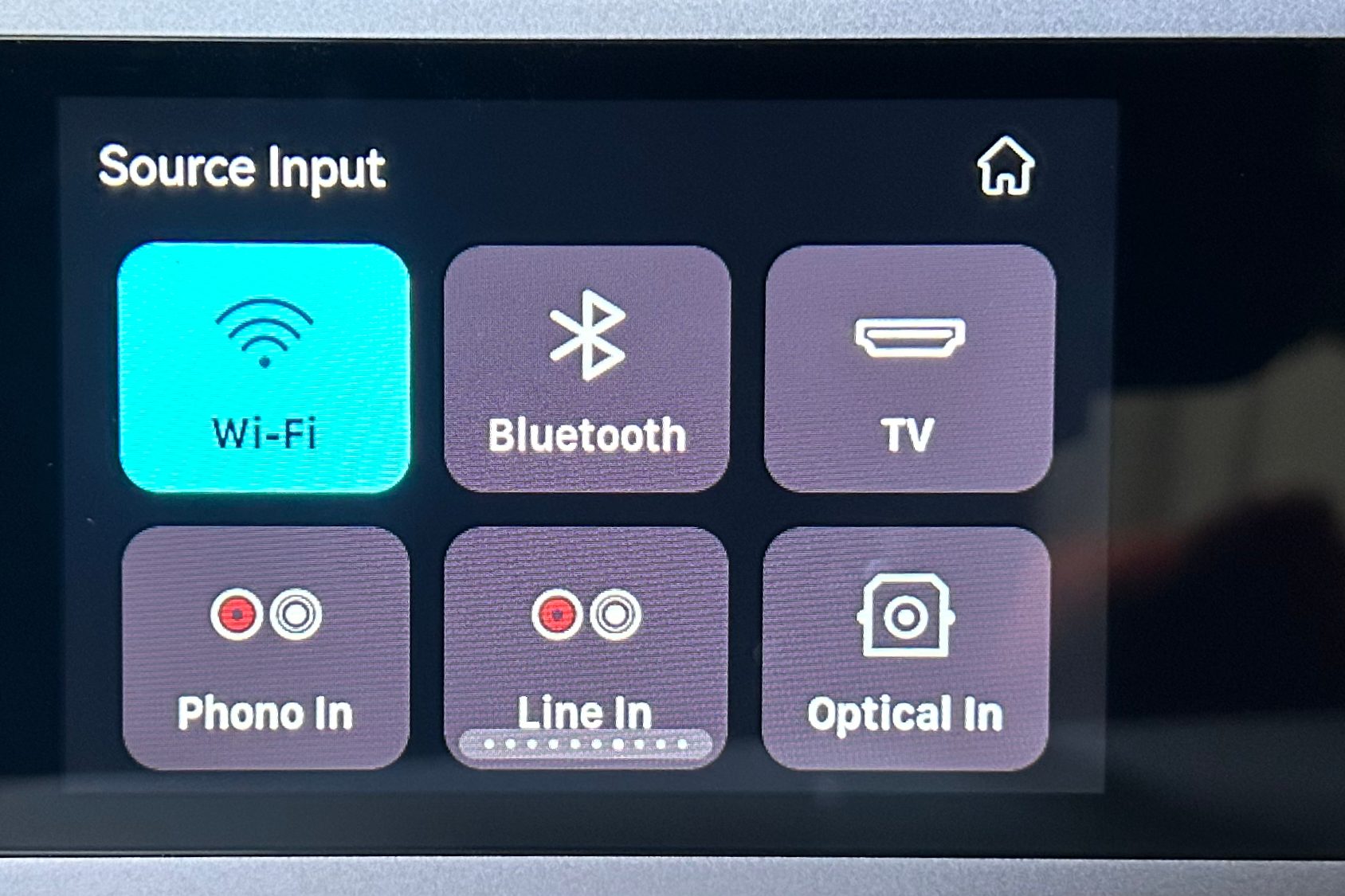 Wiim Ultra source input screen.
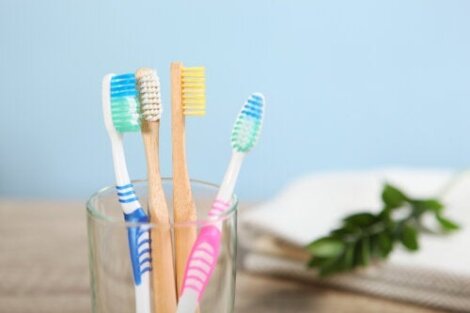 Οδοντόβουρτσες από μπαμπού: Μειονεκτήματα και πλεονεκτήματα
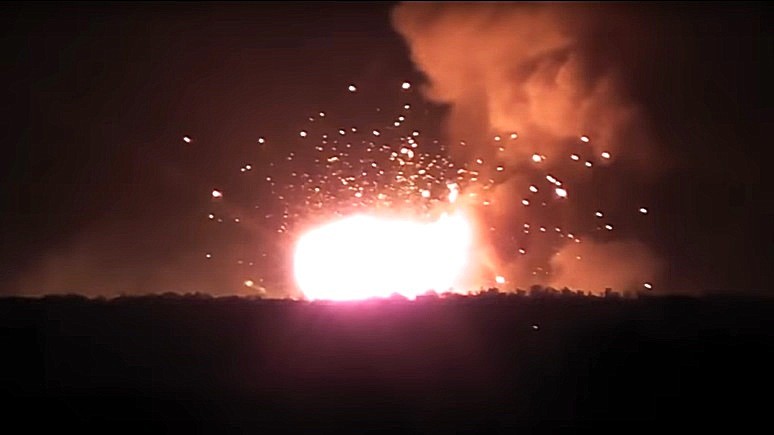 1+1: пожар на украинском складе уничтожил больше арсенала, чем 3 года войны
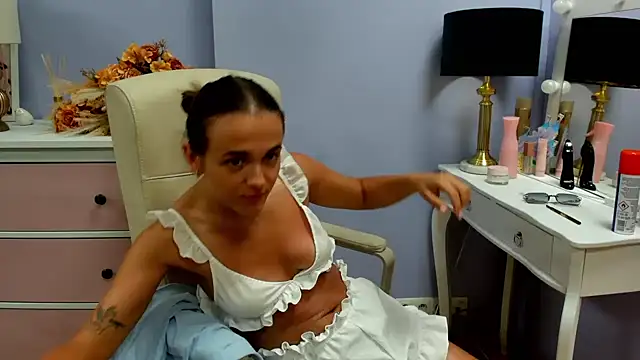 XXX chat uživo modela dirtyxEmily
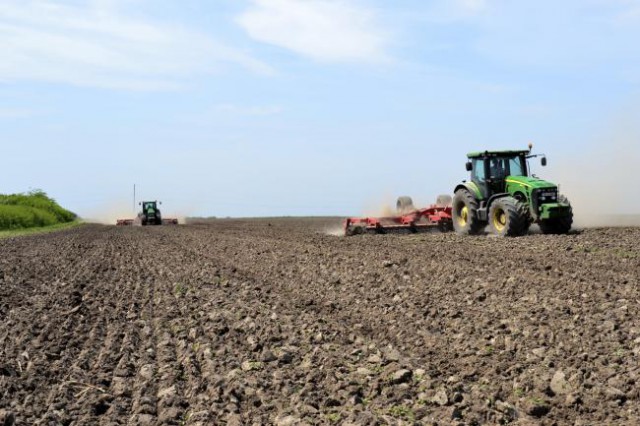 Suprafaţa de teren agricol exploatată de persoane fizice şi juridice străine era de 422.000 hectare în 2018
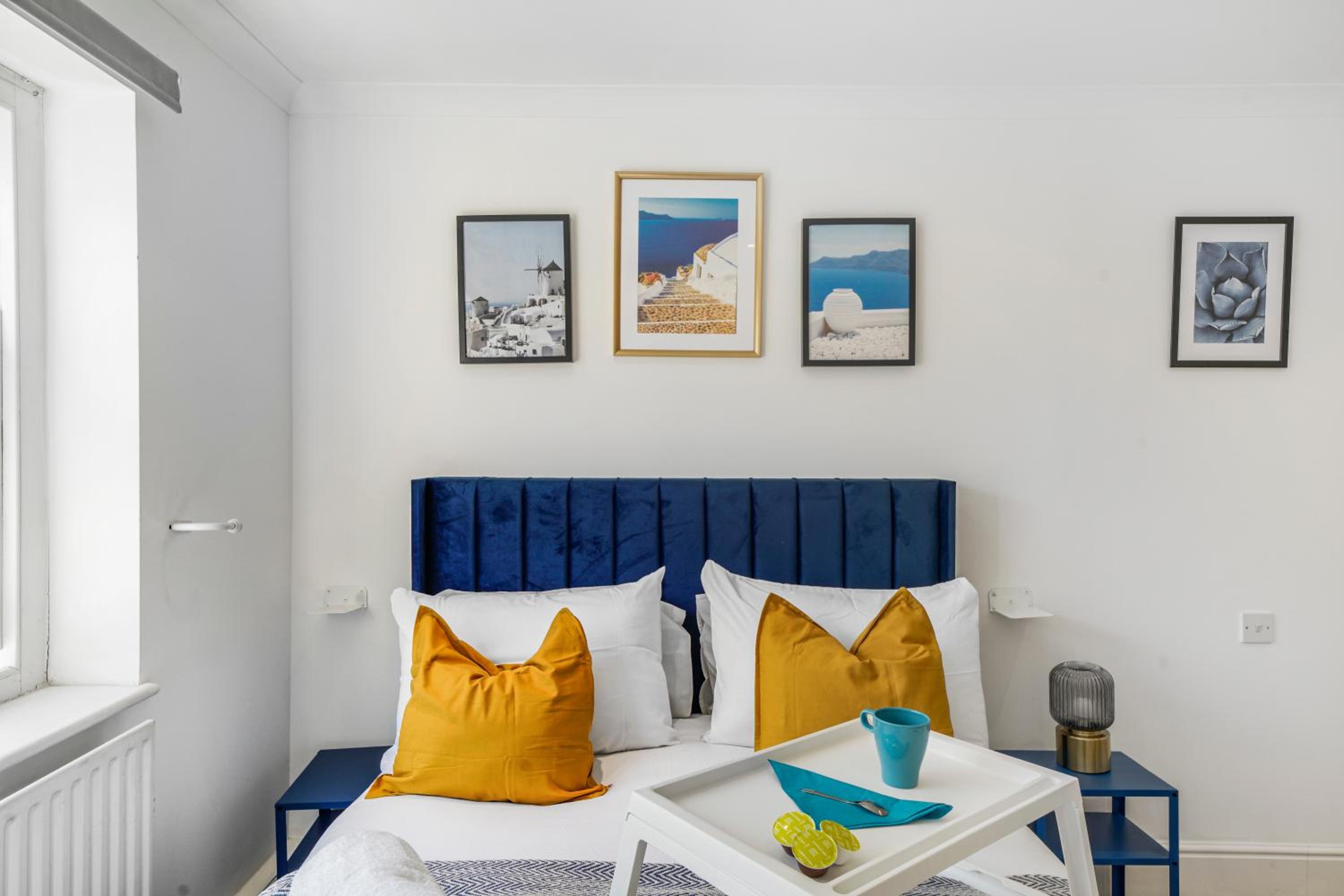 1BR & 2BR Apts By LiveStay Short Lets & Serviced Accommodation London With Free Wifi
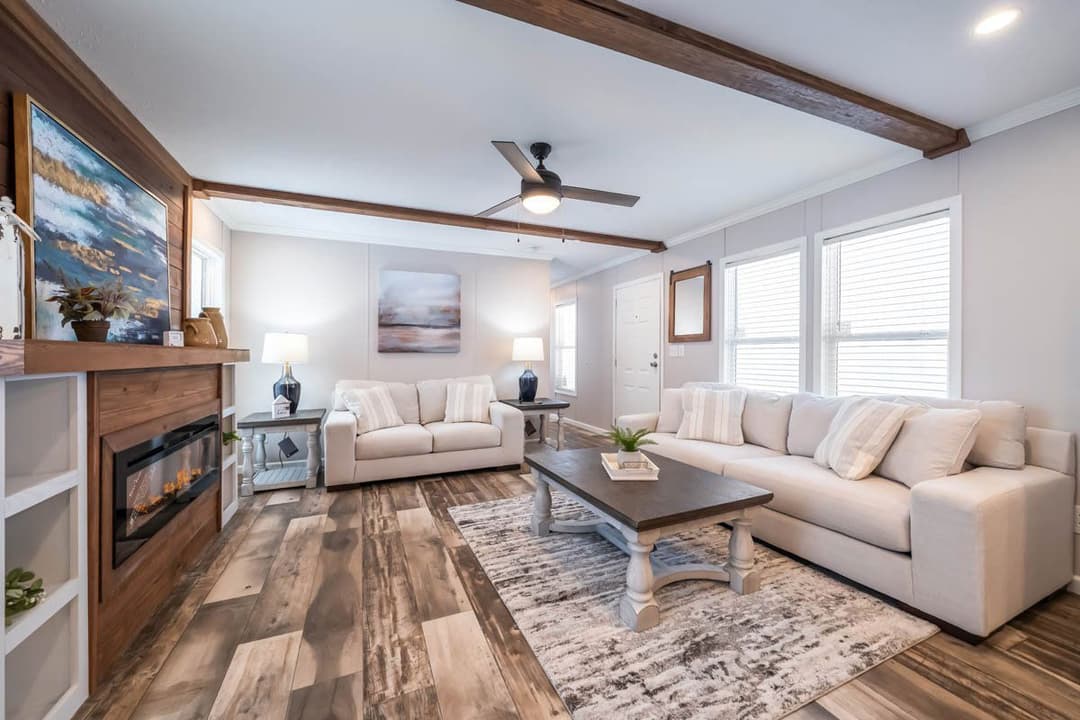 Pip interior home features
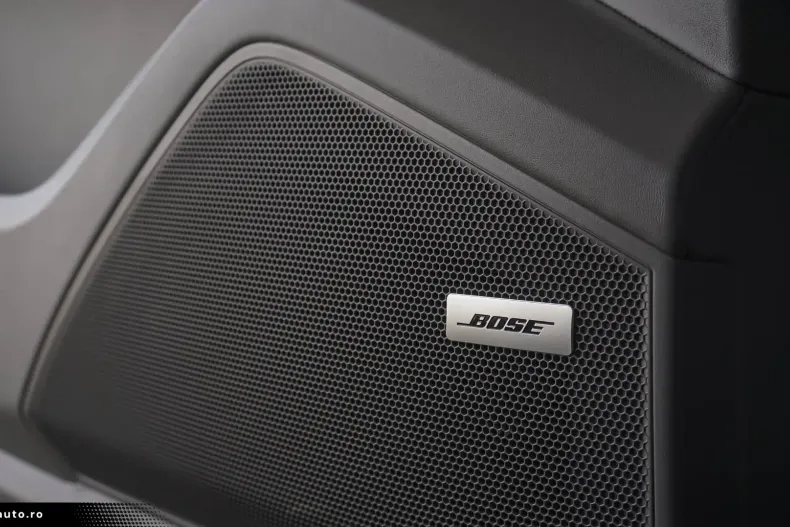 Porsche Cayenne din 2023 cu 39.990 km - oferta POR171004 - foto 25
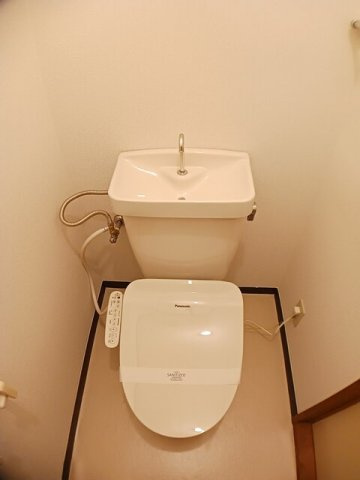 【トイレ】 | アップルⅡ | トイレです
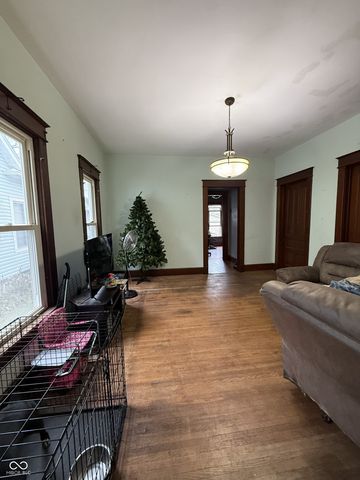 1205 S 8th Street, Terre Haute, IN 47802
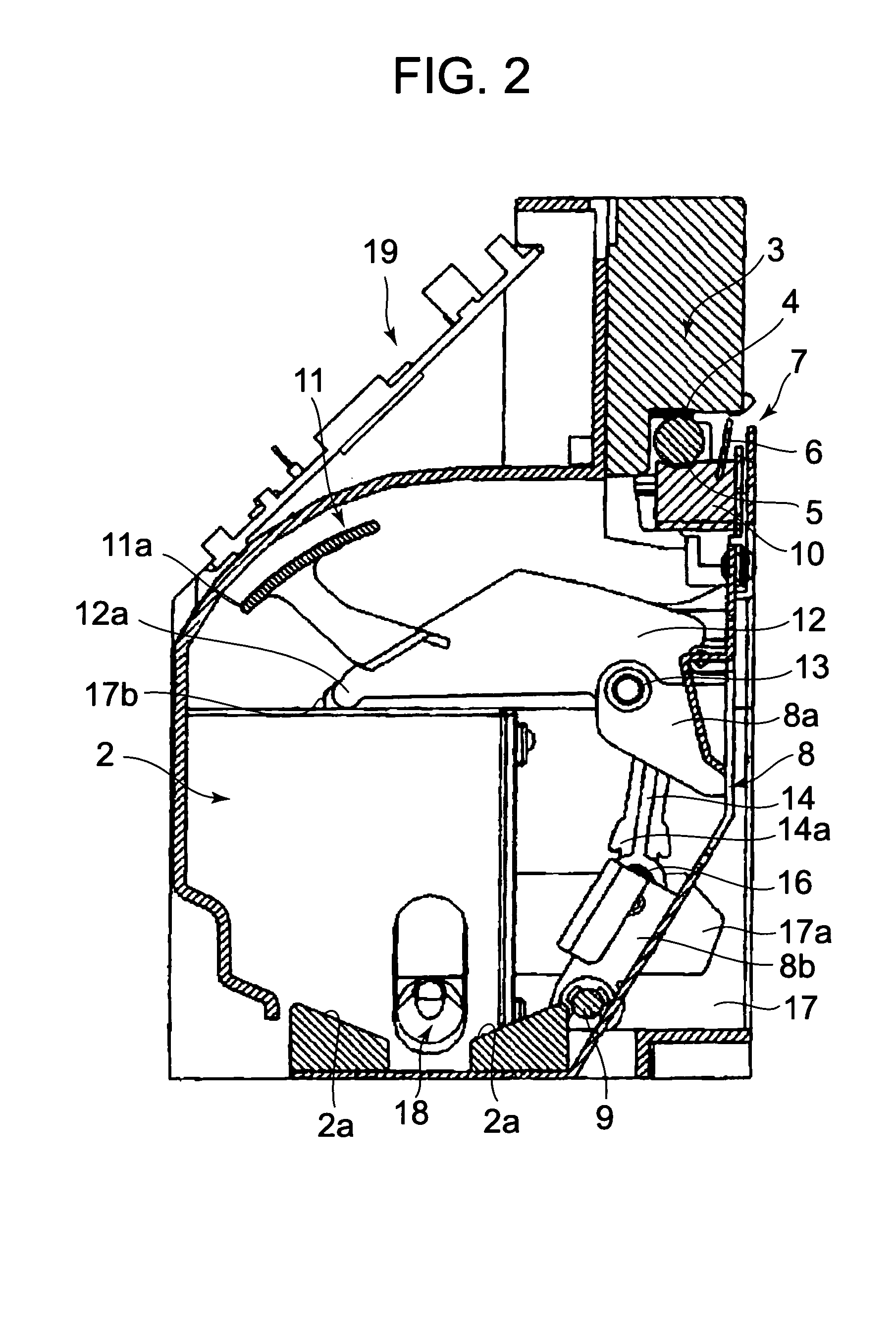 Continuous sheet processing apparatus and method of setting a roll body in the continuous sheet processing apparatus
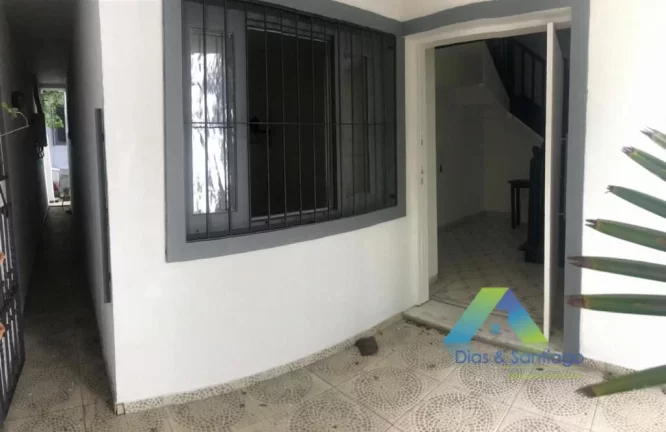 Imagem Casa a venda Cerqueira César · 220m² · 6 Quartos · 2 Vagas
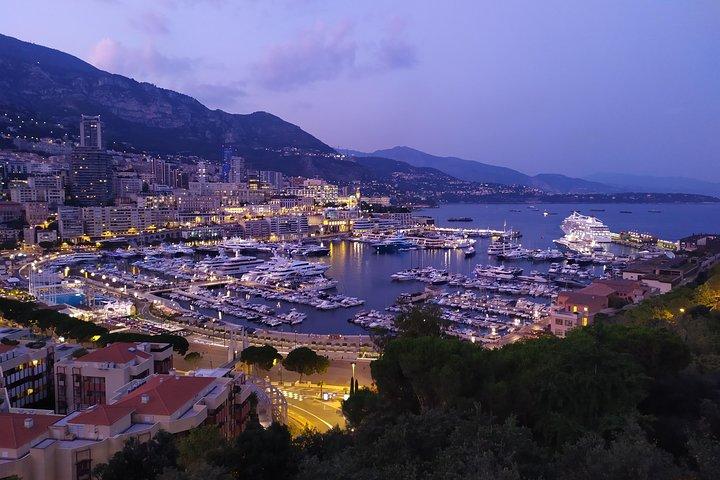Tour privato di Monaco di notte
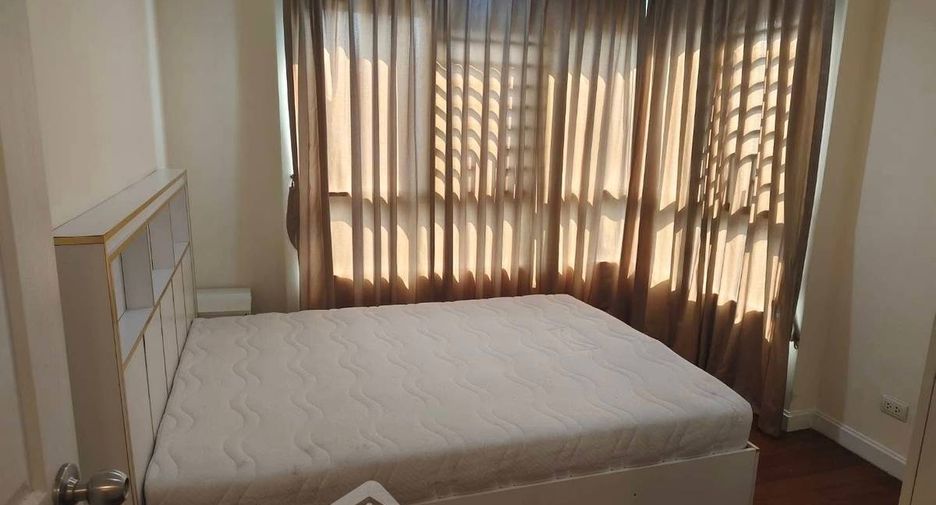 Condo en venta de 6 habitaciones en Huai Khwang, Bangkok
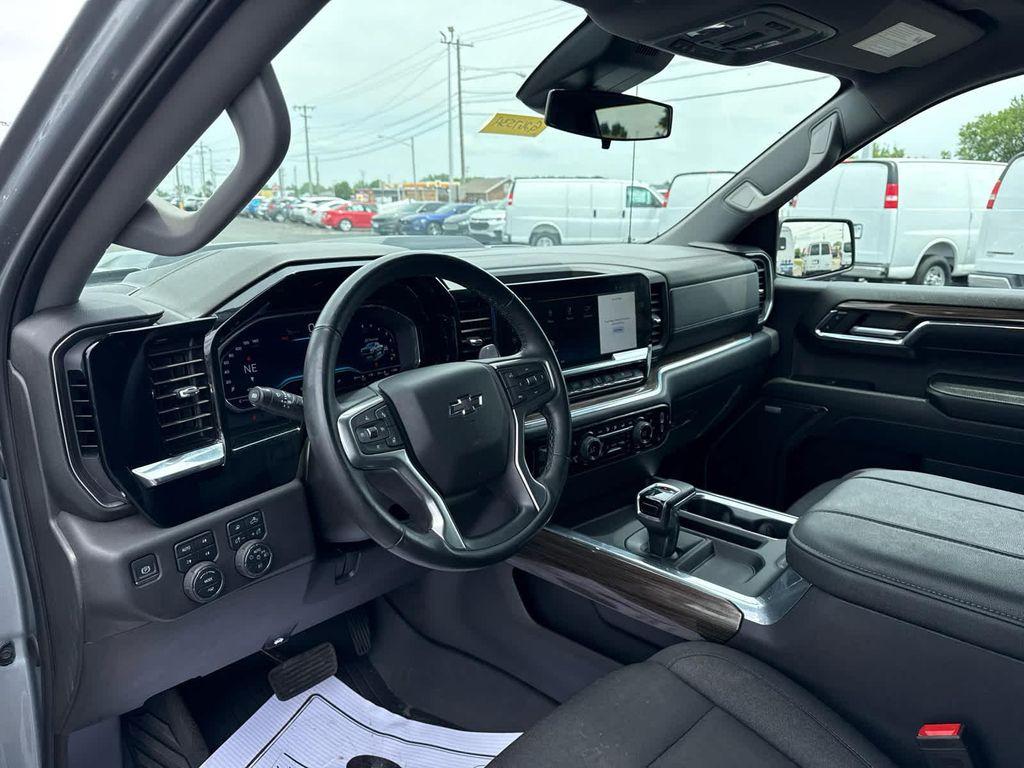 used 2024 Chevrolet Silverado 1500 car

◇ ◇ ◇ ◇

#### Exercise instructions:
Pictures excluded, copy exactly the lines running from the one with "Condo en venta" through the last line of the material.

#### Task answer:
 Condo en venta de 6 habitaciones en Huai Khwang, Bangkok
 used 2024 Chevrolet Silverado 1500 car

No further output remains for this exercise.